Hardy Spaces: Meaning of $\frac{1}{z}\mathcal{RH}_\infty$ Question
I'm reading a paper (p.4) on linear systems where the authors silently introduce the notation for the set
$\frac{1}{z}\mathcal{RH}_\infty$.
Unfortunately I don't get the meaning of the notation nor can't I even describe in words what this is meant to be (so I don't know what to Google for...).
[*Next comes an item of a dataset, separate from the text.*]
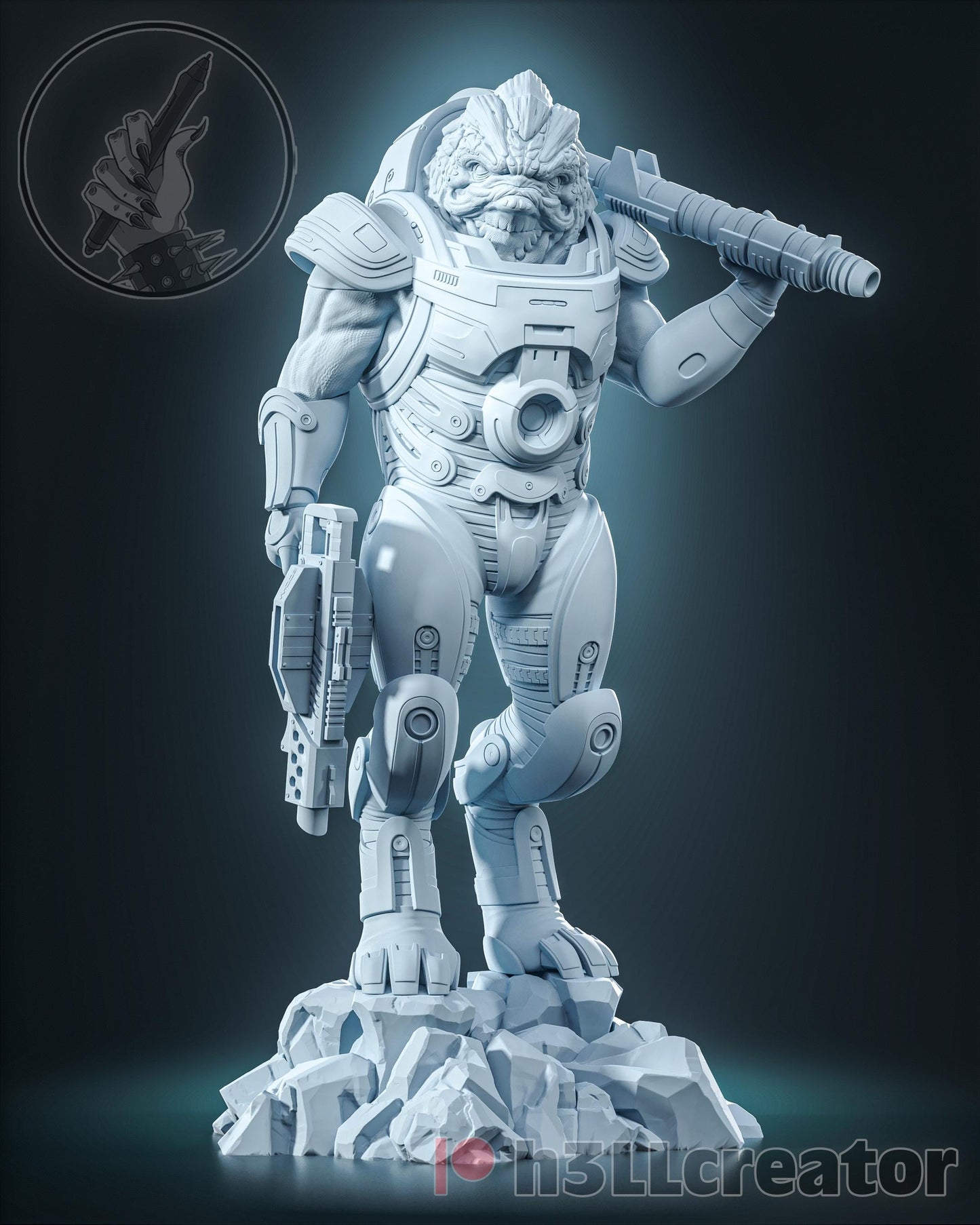 Grunt Figure - Mass Effect - Alternate view 4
Can you help me on that?

What I know / assume:
$\mathcal{H}_2$ and $\mathcal{H}_\infty$ are Hardy Spaces for functions with bounded 2- / respectively infinity-norm, and (as described in the paper) $\mathcal{RH}_2$ and $\mathcal{RH}_\infty$ are the set of real-rational strictly proper / proper transfer matrices.
This still makes sense to me.
The paper covers discrete time systems, so I guess that $\frac{1}{z}$ is about an additional property in the z-domain, but what exactly?
I know the following definitions of the $\mathcal{H}_2$ and $\mathcal{H}_\infty$ norms (taken from "Multivariable Feedback Control" by Skogestad) for continuous-time systems:
If $G(s)$ is a (matrix valued) transfer function, then
$\|G(s)\|_2 = \left( \frac{1}{2\pi} \int_{-\infty}^{\infty} \|G(j\omega)\|^2_F d\omega \right)^{\frac{1}{2}}$ where $\|G(j\omega)\|^2_F = \sum_{ij} |G_{ij}(j\omega)|^2$ is the Frobenius norm
and
$\|G(s)\|_\infty = \max_\omega \bar\sigma (G(j\omega))$ where $\bar\sigma (G(j\omega))$ is the largest singular value of $G(s)$ at $s=j\omega$.
(The above definitions are generalizations of the scalar valued definitions $\|f(s)\|_2 = \left( \frac{1}{2\pi} \int_{-\infty}^{\infty} |f(j\omega)|^2d\omega \right)^{\frac{1}{2}}$ and $\|f(s)\|_\infty = \max_\omega |f(s)| = \lim_{p\to\infty} \left( \int_{-\infty}^{\infty} |f(j\omega)|^pd\omega \right)^{\frac{1}{p}}$).
Keywords for text search: H2, H inf, H infinity, H$\infty$, RH2, 1/z RH inf, 1/z RH infinity, 1/z RH$\infty$
 A: Thanks to @calvin-khor and a supervisor I have an answer to it now.
TL;DR

$\frac{1}{z}\mathcal{RH}_\infty$ denotes the set of discrete time real proper transfer function matrices which have been delayed by one timestep and thus it's simply the set of discrete time real strictly proper transfer function matrices.

Background
A transfer function being proper means that it can be expressed as a fraction of two polynomials where the degree of the denominator polynomial's degree is greater or equal than the numerator polynomial's.
Such a transfer function can be written as the sum of a subsystem that is given by a differential equation (continuous time) or difference equation (discrete time) and a direct feedthrough term.
This means that the impulse response can start earliest at $t=0$, i.e. $g(t) = 0 \quad \forall t<0$ (CT) respectively $g[n]=0 \quad \forall n<0$ (DT).
Similarly, strictly proper transfer functions have $\deg(\text{denominator})>\deg(\text{numerator})$ and thus lack the feedthrough term.
For a DT system this means that the impulse response can start earliest at $n=1$.
A property of the z-Transformation is that a time shift, expressed as $f[n-k]$ (here a delay if $k$ positive), translates into $z^{-k}F(z)$ in the z-domain. So a factor of $\frac{1}{z}$ delays the whole impulse response by $1$.

(But this now begs the question - why not simply write $\mathcal{RH}_2$? I suspect the authors of the paper still see a minor difference between the two sets.)